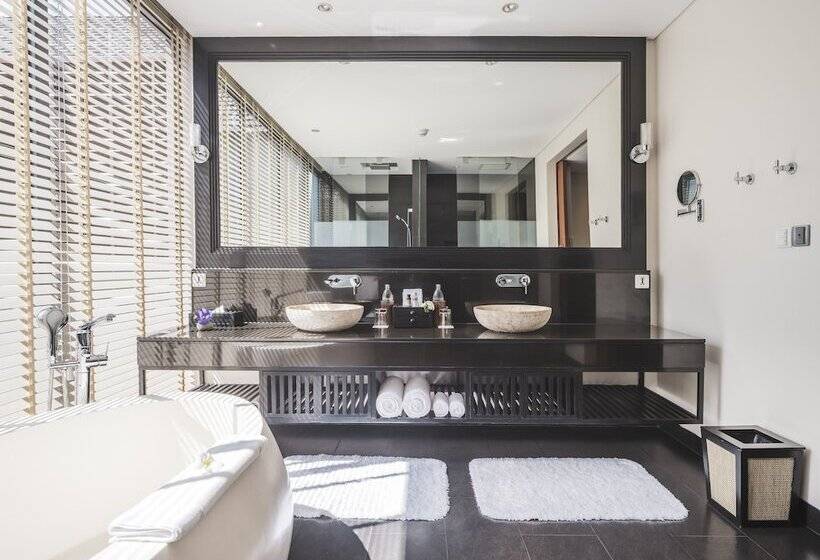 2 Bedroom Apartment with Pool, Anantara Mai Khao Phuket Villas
******
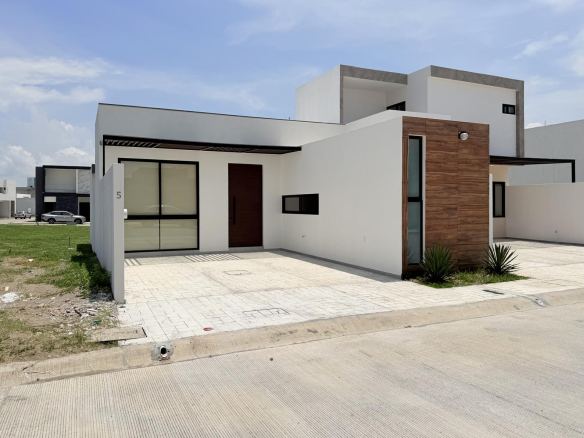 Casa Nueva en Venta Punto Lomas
******
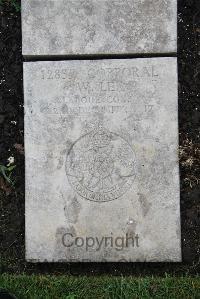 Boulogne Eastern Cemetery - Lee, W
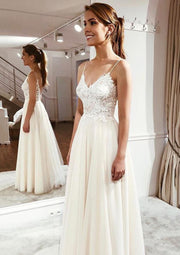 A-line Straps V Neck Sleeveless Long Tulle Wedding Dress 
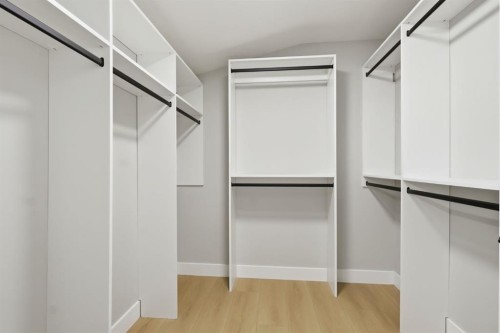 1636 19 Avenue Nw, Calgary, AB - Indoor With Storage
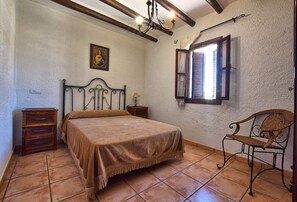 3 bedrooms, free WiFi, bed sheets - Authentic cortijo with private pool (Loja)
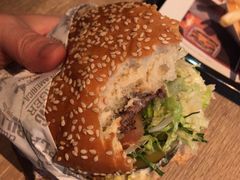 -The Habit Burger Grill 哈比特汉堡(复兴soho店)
******
Using the listing above, repeat word for word each line from the one with "1636 19 Avenue" down to the one with "-The Habit Burger Grill 哈比特汉堡(复兴soho店)", both included. Omit all pictures.

 1636 19 Avenue Nw, Calgary, AB - Indoor With Storage
 3 bedrooms, free WiFi, bed sheets - Authentic cortijo with private pool (Loja)
 -The Habit Burger Grill 哈比特汉堡(复兴soho店)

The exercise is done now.